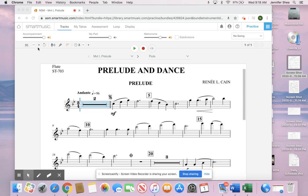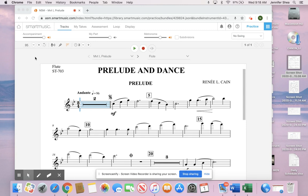All right, I learned a better way to print the entire piece off of SmartMusic, compliments of Aaron Most in seventh grade. I'm going to show you how to do that.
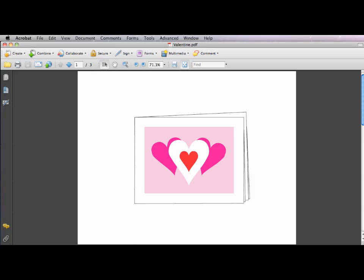If you forgot Valentine's Day, here's a quick solution using Adobe InDesign CS5 in the Glyphs panel.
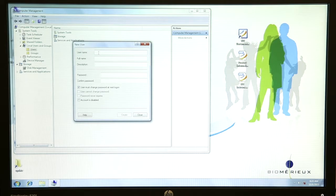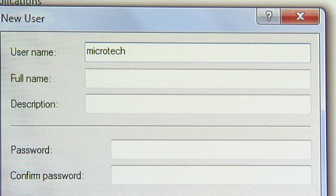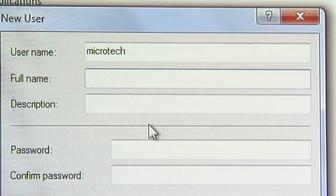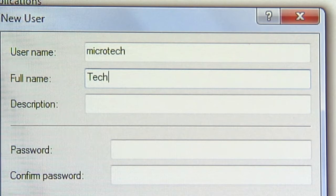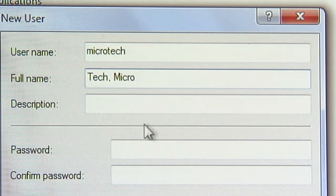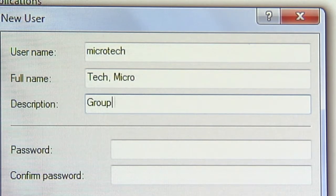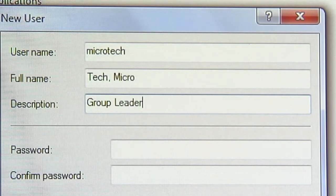In the New User window, enter a user name — for example, type Microtech. Enter the full name following the format of last name comma first name; in this case, Tech comma Micro. The full name should be less than 40 characters. A description of the user is optional; for this user, we will enter Group Leader.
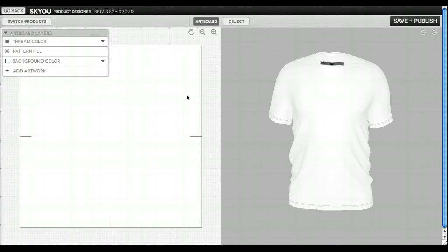This is a quick lesson on how to use the parts functionality within the SKU 3D Designer. To use parts, first you need to select a piece of artwork.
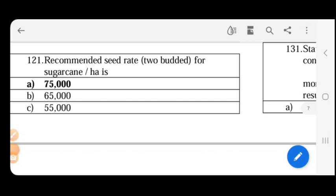Good morning, students. I am on the 2012 question papers, so we will continue this session. First question.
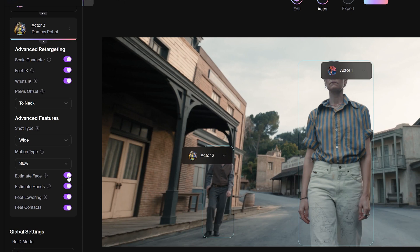Estimated face option allows you to copy facial performances of the actor onto your CG character. However, if the character doesn't have blend shapes for facial performance, this option will be grayed out. Estimated hands option tracks the hands performance of the actor in the source video. Feet lowering option tries to better match the lowest point of the actor for improved perceived ground contact. And feet contact settings tries to figure out when the foot is touching the ground in the source video.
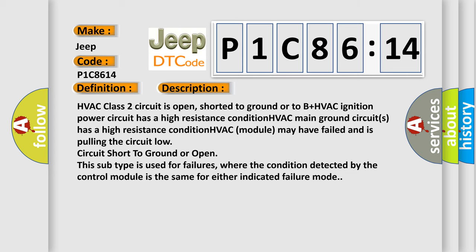HVAC class 2 circuit is open, shorted to ground or to B plus. HVAC ignition power circuit has a high resistance condition. HVAC main ground circuits has a high resistance condition. HVAC module may have failed and is pulling the circuit low. Circuit short to ground or open. This subtype is used for failures where the condition detected by the control module is the same for either indicated failure mode.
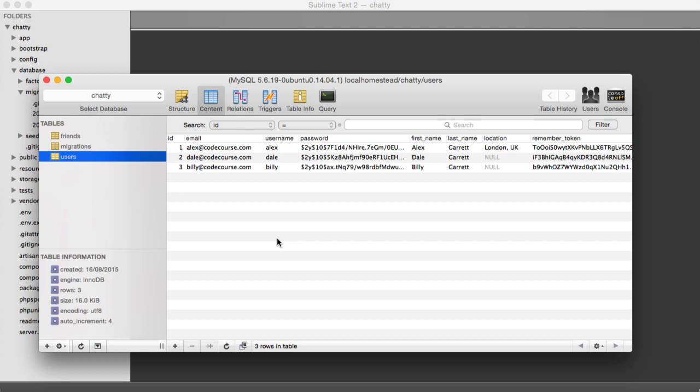We're going to have a parent ID because a status technically is the same. It contains the same things: a body, a timestamp, an ID. We can just relate them together, but we'll look at how we do that later when we look at replying to statuses.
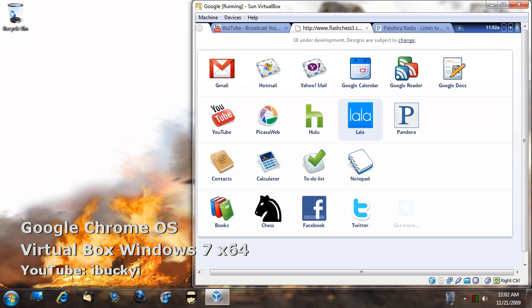That's pretty much it. There's really nothing more to Google Chrome OS. It's simple, it's easy to use, and this is not for the hardcore PC users or hardcore Mac users.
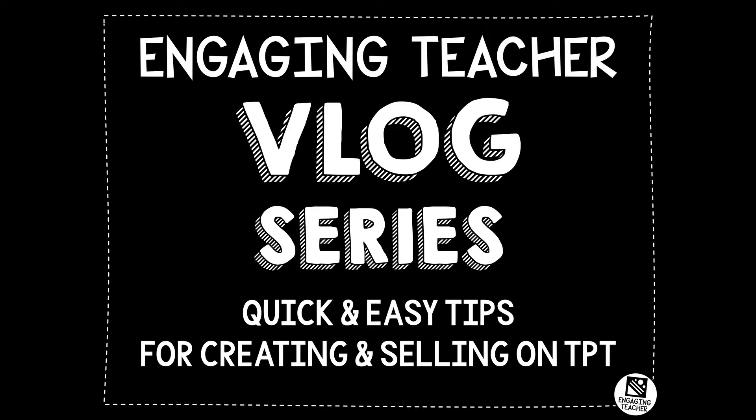Hi, this is Greg with Engaging Teacher. I'm starting a new TPT store and guiding me through the process will be Rebecca. She started her TPT store over five years ago and has agreed to answer my questions and share her experiences running an online business.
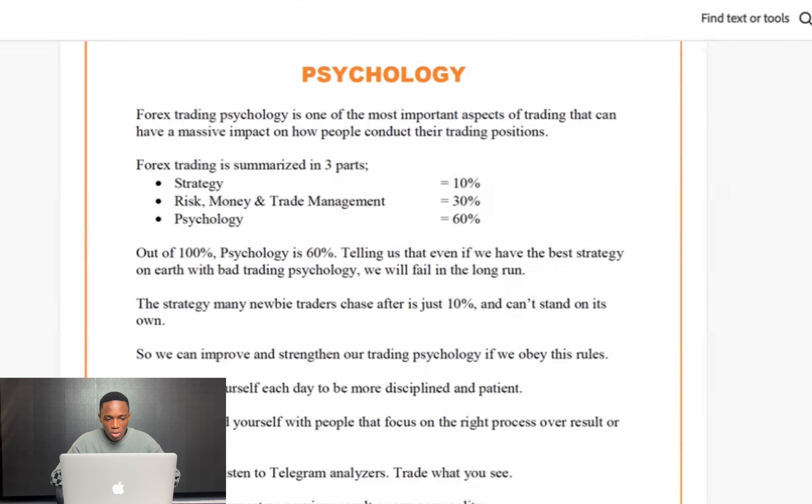People chase after strategy as if their profitability depends on it. But one of the things that makes you consistently profitable as a forex trader is risk-to-reward ratio — it matters a lot. I was discussing with a friend who uses the smart money concept strategy.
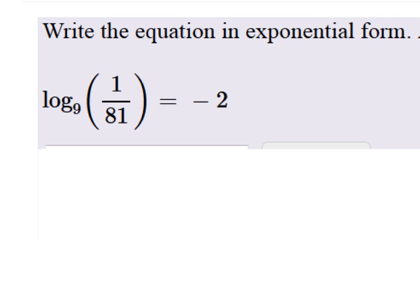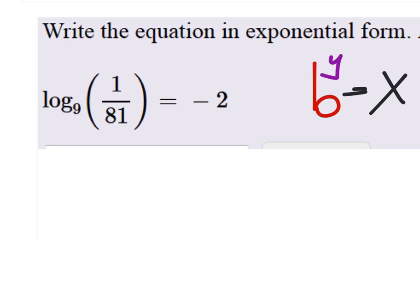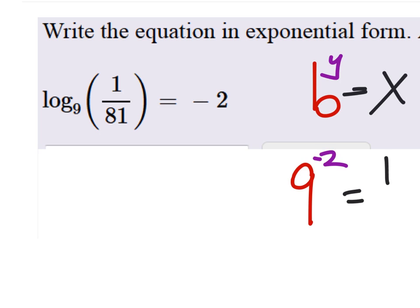So, just looking back, it should be the base to the power of y equals x. Which of these is the base? Nine. So, it'll be nine to what power? Negative two. Negative two, and that will equal one over 81.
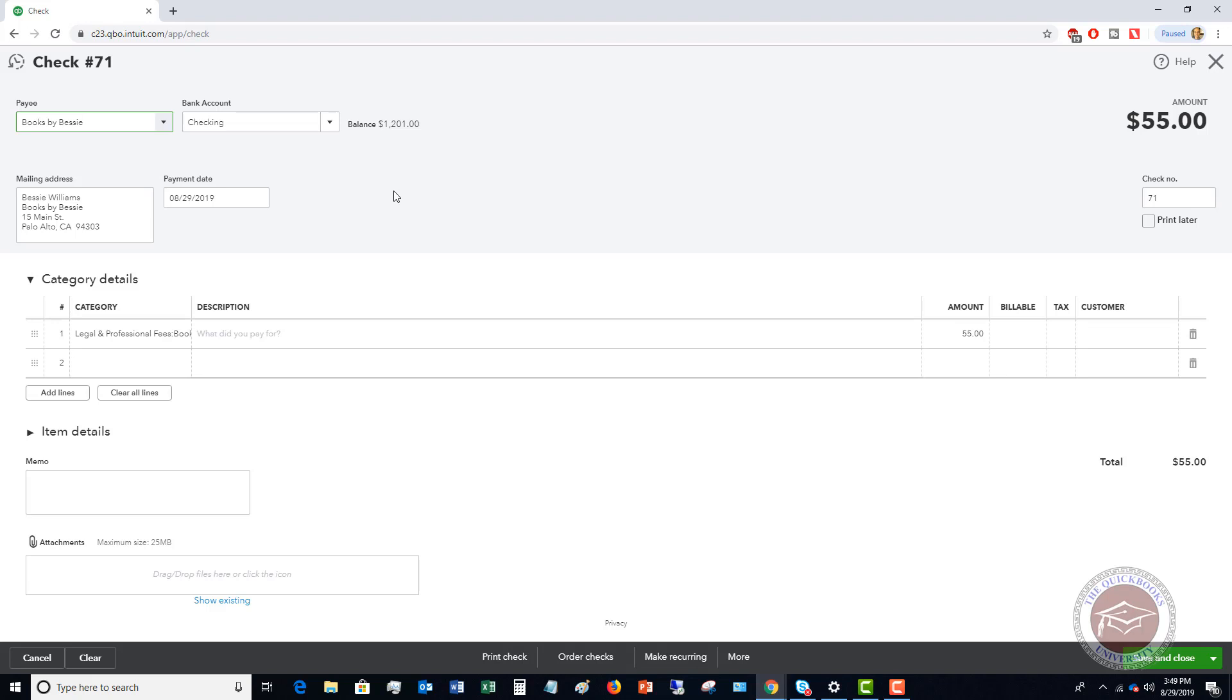In general I don't like to wait for the bank feeds because I like to get a good accurate read on how much cash we have in our checking account ongoing. That way when it comes into the bank feed I can just match it and it's not a surprise that I didn't know I had this outstanding check. So I like to go in and record these things as they happen instead of waiting on the bank feed.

Task statement: Copy out nothing but text: transcribe the listing exactly and skip each picture.

Task output:
All right, I learned a better way to print the entire piece off of SmartMusic, compliments of Aaron Most in seventh grade. I'm going to show you how to do that.
If you forgot Valentine's Day, here's a quick solution using Adobe InDesign CS5 in the Glyphs panel.
In the New User window, enter a user name — for example, type Microtech. Enter the full name following the format of last name comma first name; in this case, Tech comma Micro. The full name should be less than 40 characters. A description of the user is optional; for this user, we will enter Group Leader.
This is a quick lesson on how to use the parts functionality within the SKU 3D Designer. To use parts, first you need to select a piece of artwork.
Good morning, students. I am on the 2012 question papers, so we will continue this session. First question.
Estimated face option allows you to copy facial performances of the actor onto your CG character. However, if the character doesn't have blend shapes for facial performance, this option will be grayed out. Estimated hands option tracks the hands performance of the actor in the source video. Feet lowering option tries to better match the lowest point of the actor for improved perceived ground contact. And feet contact settings tries to figure out when the foot is touching the ground in the source video.
HVAC class 2 circuit is open, shorted to ground or to B plus. HVAC ignition power circuit has a high resistance condition. HVAC main ground circuits has a high resistance condition. HVAC module may have failed and is pulling the circuit low. Circuit short to ground or open. This subtype is used for failures where the condition detected by the control module is the same for either indicated failure mode.
We're going to have a parent ID because a status technically is the same. It contains the same things: a body, a timestamp, an ID. We can just relate them together, but we'll look at how we do that later when we look at replying to statuses.
That's pretty much it. There's really nothing more to Google Chrome OS. It's simple, it's easy to use, and this is not for the hardcore PC users or hardcore Mac users.
Hi, this is Greg with Engaging Teacher. I'm starting a new TPT store and guiding me through the process will be Rebecca. She started her TPT store over five years ago and has agreed to answer my questions and share her experiences running an online business.
People chase after strategy as if their profitability depends on it. But one of the things that makes you consistently profitable as a forex trader is risk-to-reward ratio — it matters a lot. I was discussing with a friend who uses the smart money concept strategy.
So, just looking back, it should be the base to the power of y equals x. Which of these is the base? Nine. So, it'll be nine to what power? Negative two. Negative two, and that will equal one over 81.
In general I don't like to wait for the bank feeds because I like to get a good accurate read on how much cash we have in our checking account ongoing. That way when it comes into the bank feed I can just match it and it's not a surprise that I didn't know I had this outstanding check. So I like to go in and record these things as they happen instead of waiting on the bank feed.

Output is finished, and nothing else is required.